* **Description of the task**
Transcribe only the lines in the data below falling between the line with "Man's Illustrated Vintage" and the line with "Plane Square Chain", including those two lines, and leave out any picture.

* **Records**
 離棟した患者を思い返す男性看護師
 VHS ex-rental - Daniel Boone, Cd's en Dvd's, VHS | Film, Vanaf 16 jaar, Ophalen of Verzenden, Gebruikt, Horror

--

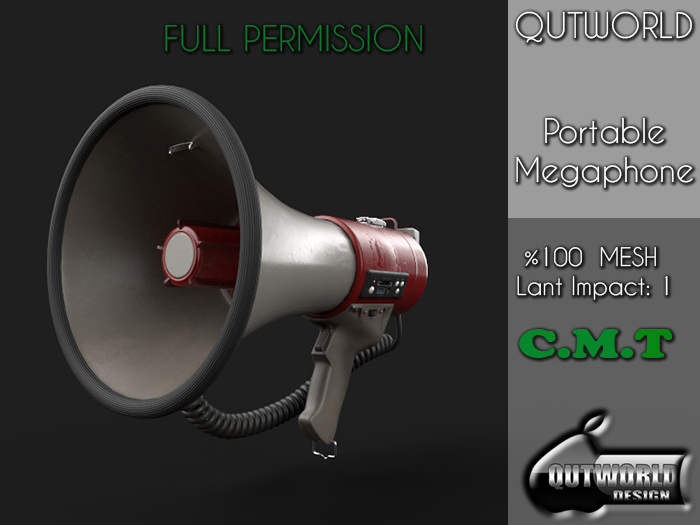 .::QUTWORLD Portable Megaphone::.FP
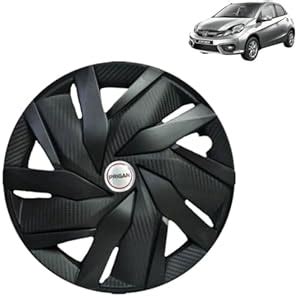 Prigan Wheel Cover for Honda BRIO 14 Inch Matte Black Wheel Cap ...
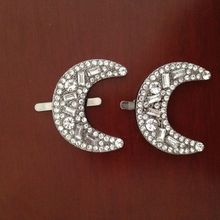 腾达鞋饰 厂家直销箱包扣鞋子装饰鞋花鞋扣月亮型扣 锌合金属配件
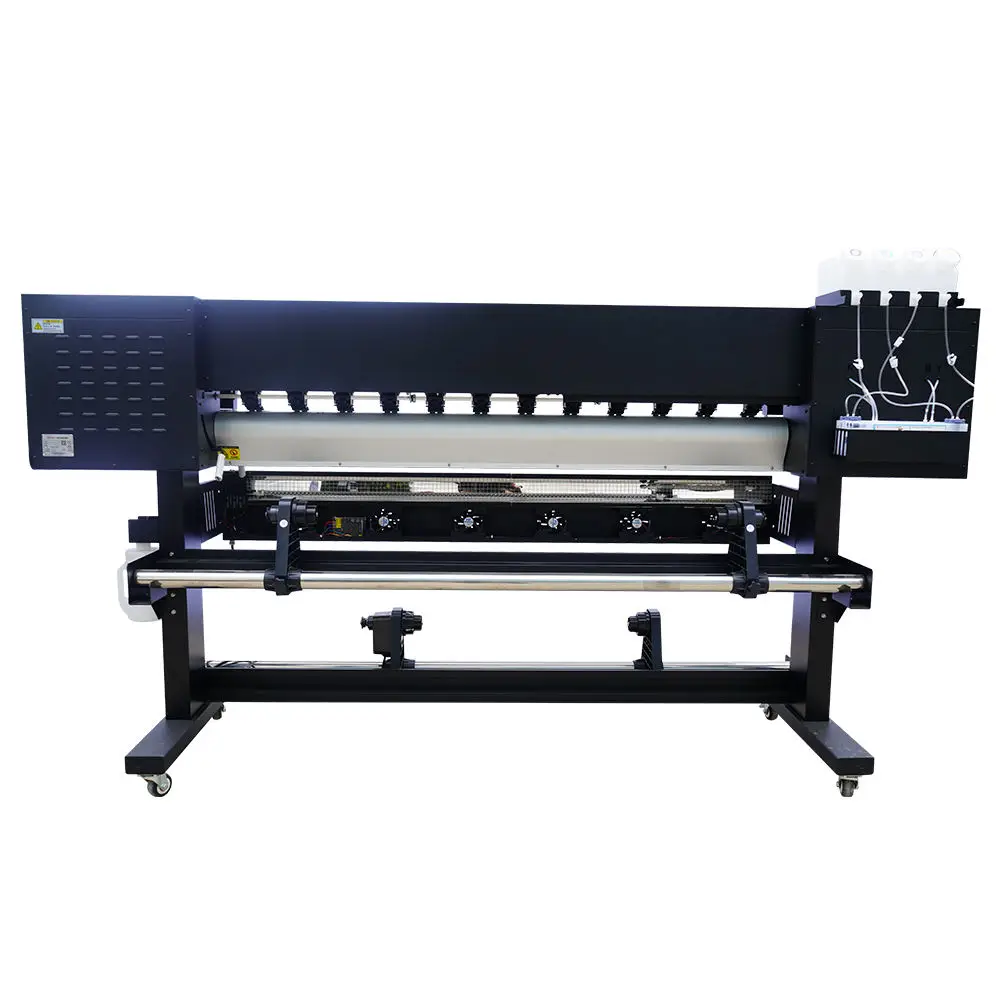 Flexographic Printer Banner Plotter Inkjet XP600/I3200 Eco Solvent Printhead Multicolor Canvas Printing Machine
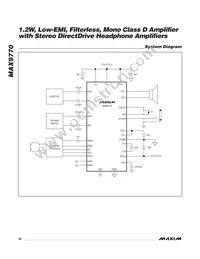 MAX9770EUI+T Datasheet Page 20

--

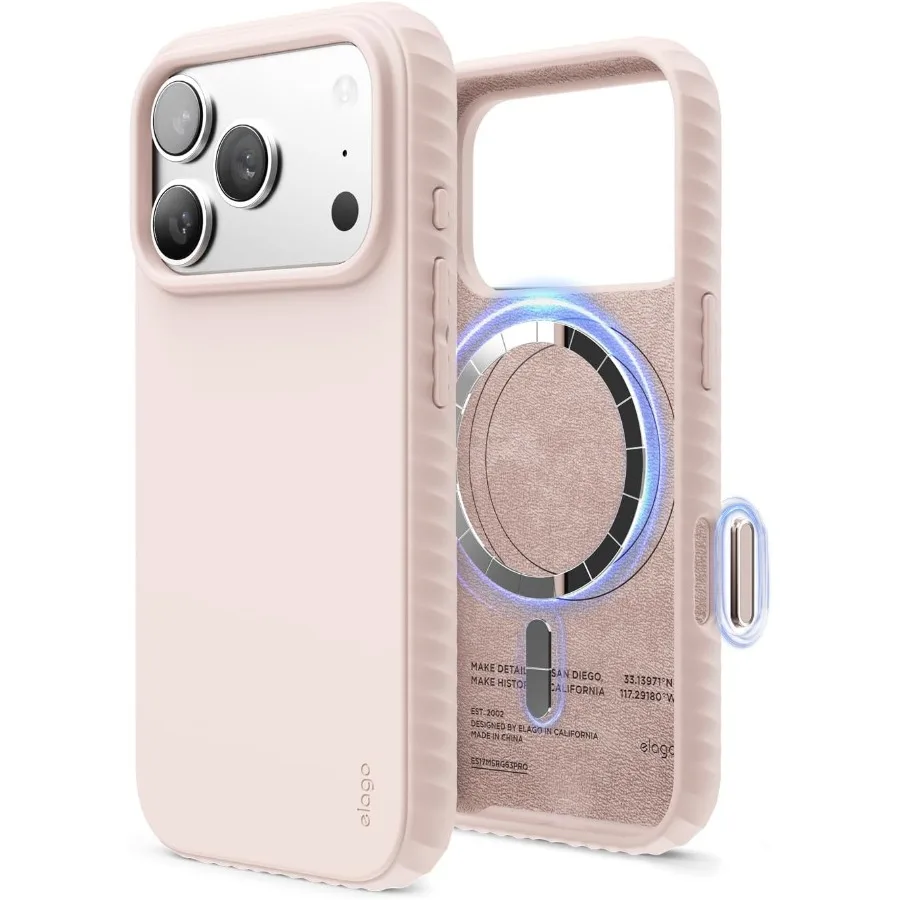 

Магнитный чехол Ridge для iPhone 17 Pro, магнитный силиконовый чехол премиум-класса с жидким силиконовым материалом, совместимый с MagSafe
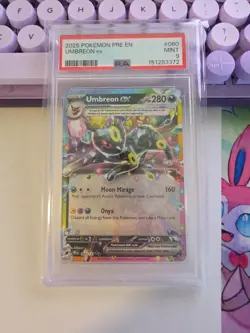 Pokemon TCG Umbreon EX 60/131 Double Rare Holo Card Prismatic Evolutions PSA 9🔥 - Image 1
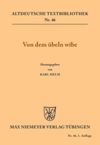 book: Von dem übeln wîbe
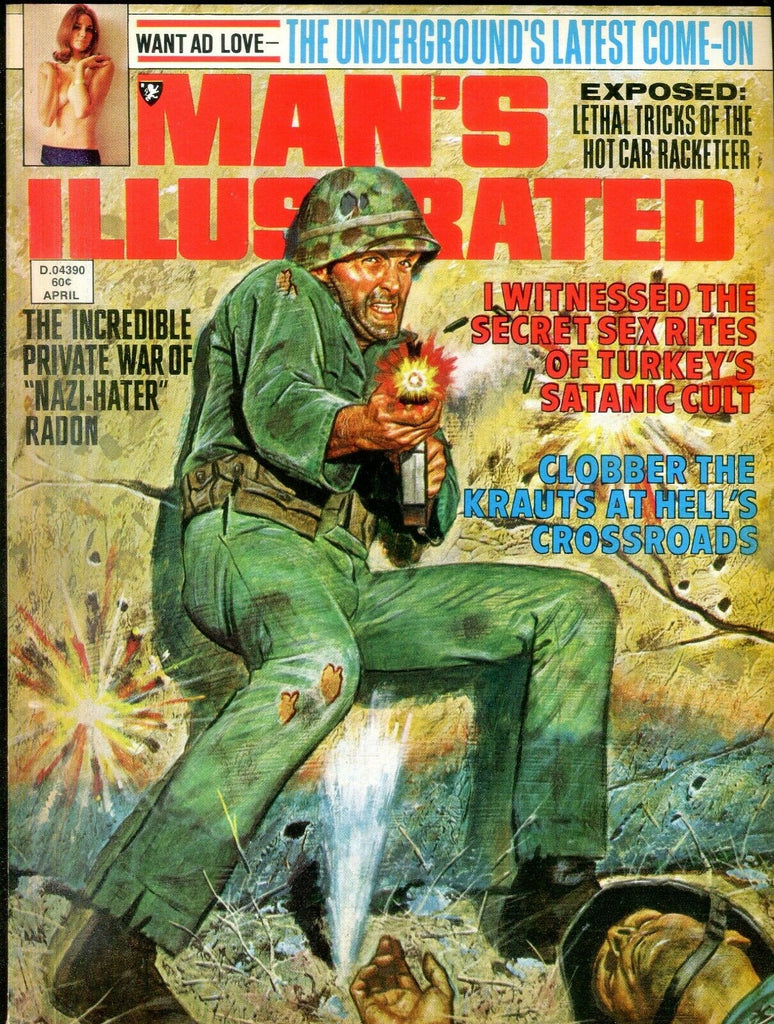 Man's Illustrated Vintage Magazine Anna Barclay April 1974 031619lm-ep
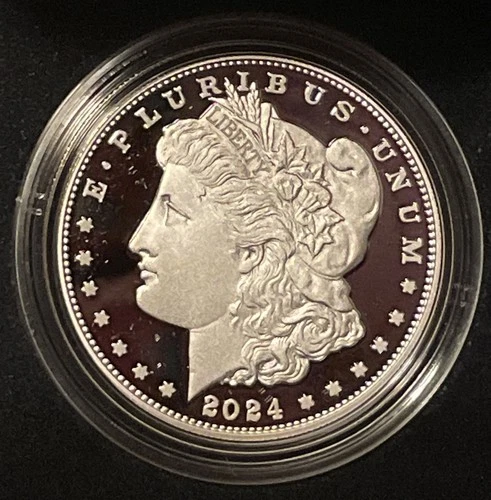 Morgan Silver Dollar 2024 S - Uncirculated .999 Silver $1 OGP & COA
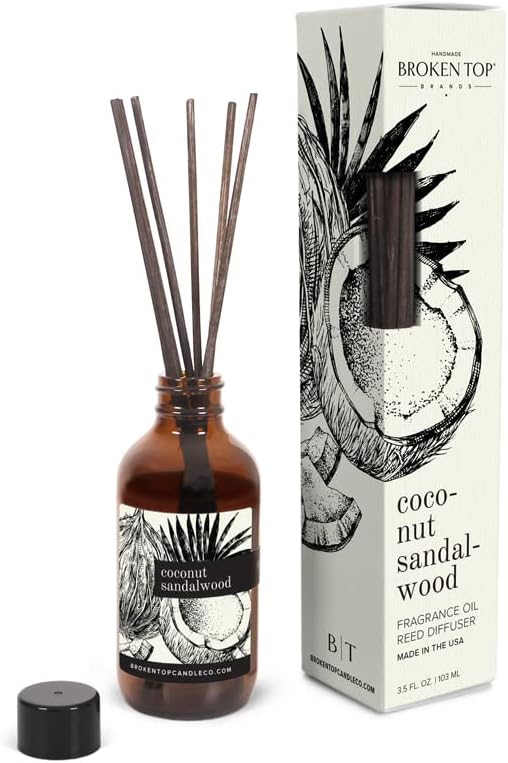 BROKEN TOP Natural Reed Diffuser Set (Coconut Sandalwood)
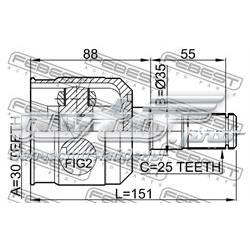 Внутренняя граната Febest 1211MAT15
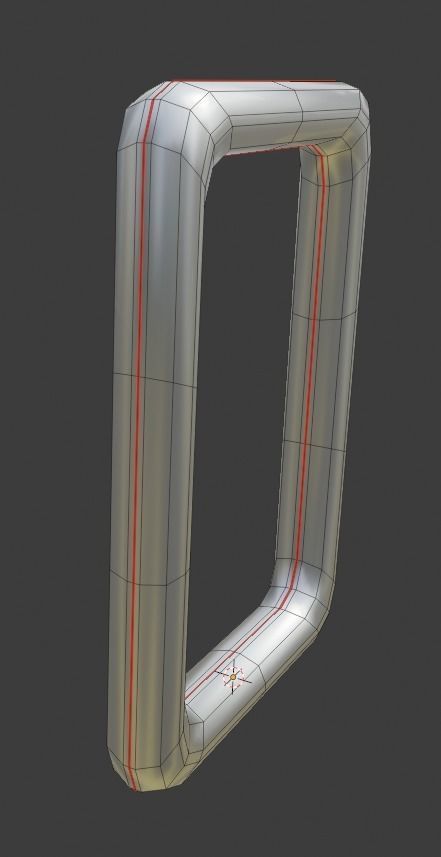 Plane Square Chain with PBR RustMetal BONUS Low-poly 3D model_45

* **Finished exercise**
 Man's Illustrated Vintage Magazine Anna Barclay April 1974 031619lm-ep
 Morgan Silver Dollar 2024 S - Uncirculated .999 Silver $1 OGP & COA
 BROKEN TOP Natural Reed Diffuser Set (Coconut Sandalwood)
 Внутренняя граната Febest 1211MAT15
 Plane Square Chain with PBR RustMetal BONUS Low-poly 3D model_45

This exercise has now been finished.